Nothing but the lines below from the one containing "Landscaping and steps" through the one containing "Op de afbeelding: Wit" should appear in the answer, exact and without pictures.

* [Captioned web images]
══════════

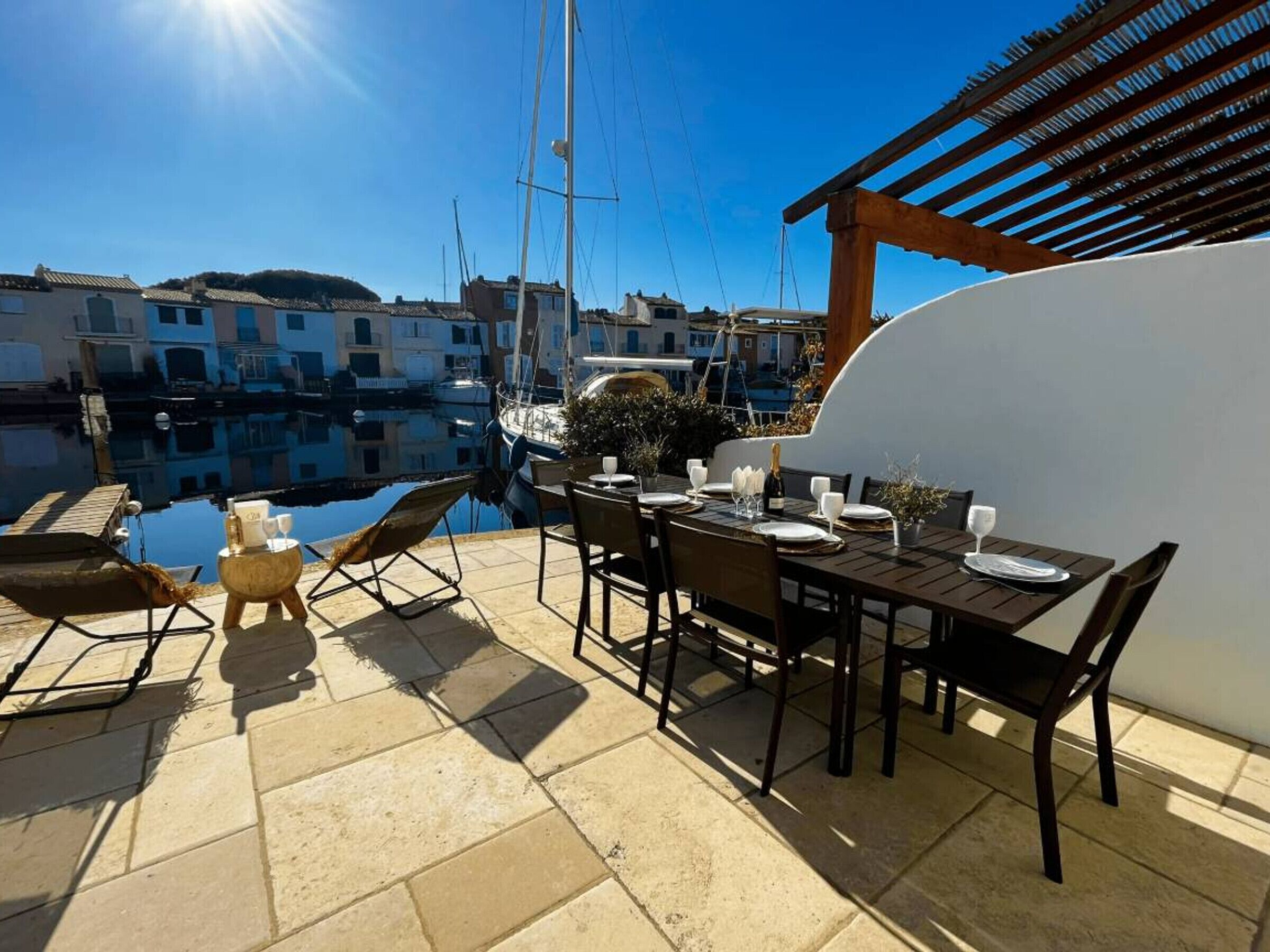 A terrace with a table set for dining, overlooking a marina with boats and buildings.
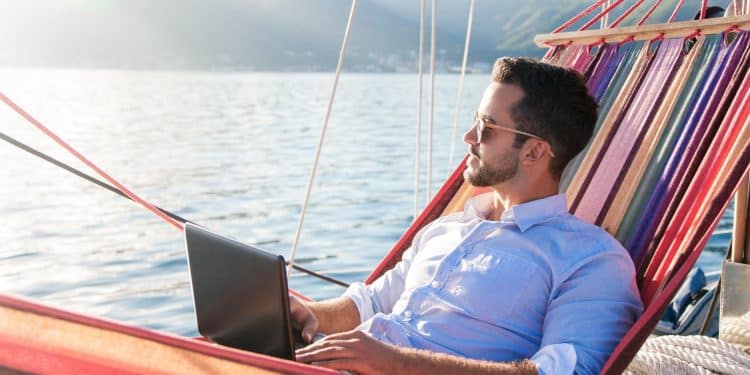 A digital nomad relaxing in a hammock by the sea while working on a laptop, showing how digital nomad productivity tips help balance work and travel.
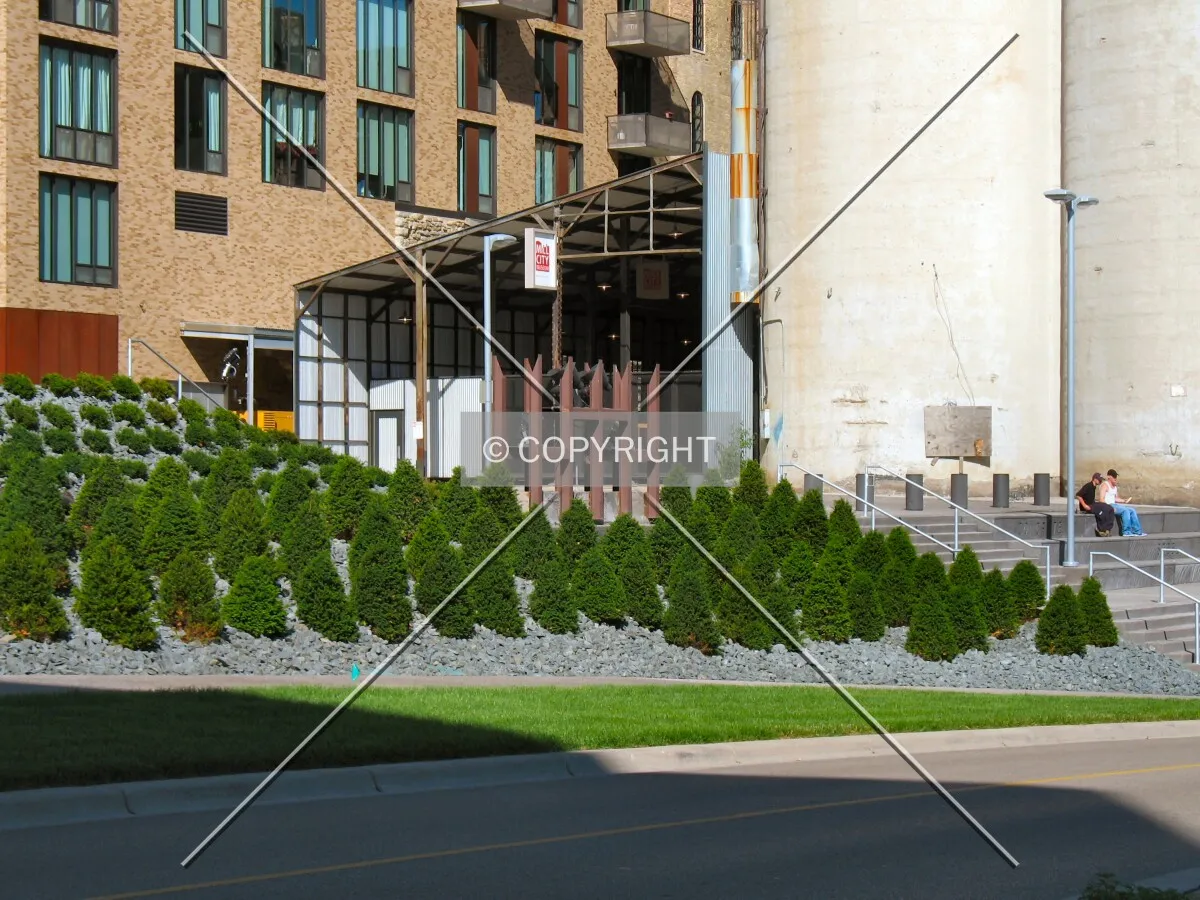 Landscaping and steps up to Chicago Plaza, from across West River Parkway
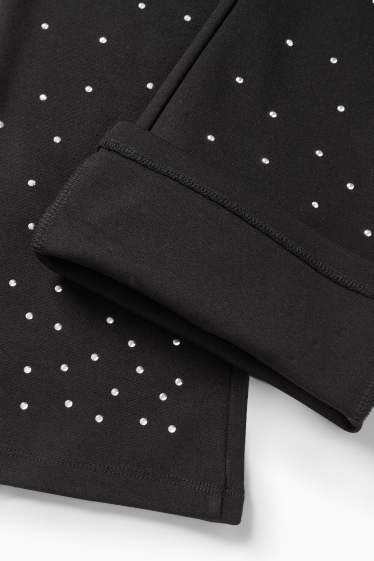 Enfants filles - Flared leggings avec pierres de strass - noir
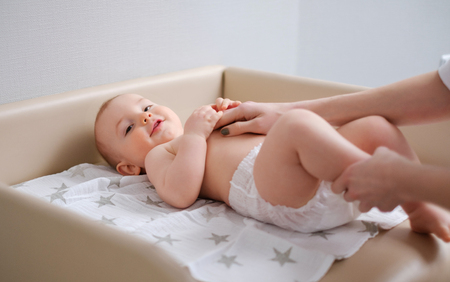 Baby boy getting a massage from masseuseの写真素材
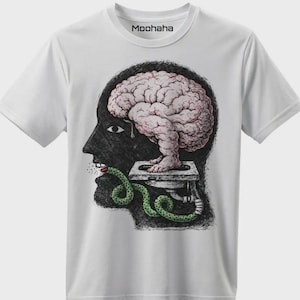 Op de afbeelding: Wit t-shirt met een surrealistische grafische afbeelding. Het ontwerp toont een menselijk profiel met een hersen, een groene slang en de tekst "Moohaha" bij de halslijn. De afbeelding is gedetailleerd en artistiek.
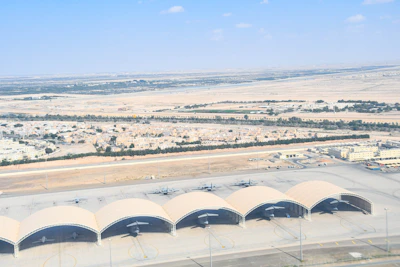 Aerial view of a desert landscape with a small urban area surrounded by arid land. Five aircraft hangars with planes are visible in the foreground, with rows of houses and some green patches in the background extending towards a vast expanse of desert.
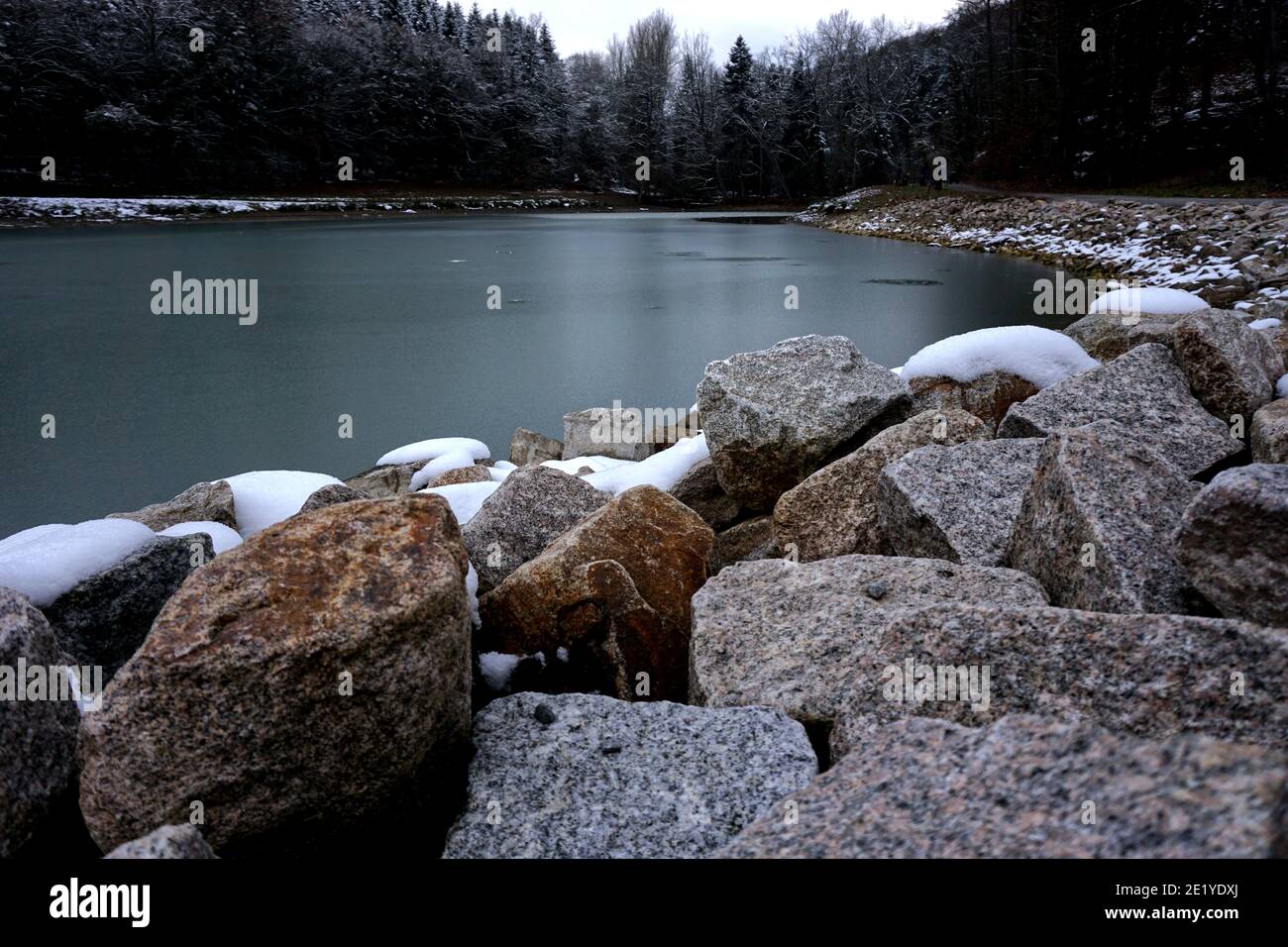 Felsen vor dem gefrorenen See Stockfoto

══════════

* [Exercise response]
 Landscaping and steps up to Chicago Plaza, from across West River Parkway
 Enfants filles - Flared leggings avec pierres de strass - noir
 Baby boy getting a massage from masseuseの写真素材
 Op de afbeelding: Wit t-shirt met een surrealistische grafische afbeelding. Het ontwerp toont een menselijk profiel met een hersen, een groene slang en de tekst "Moohaha" bij de halslijn. De afbeelding is gedetailleerd en artistiek.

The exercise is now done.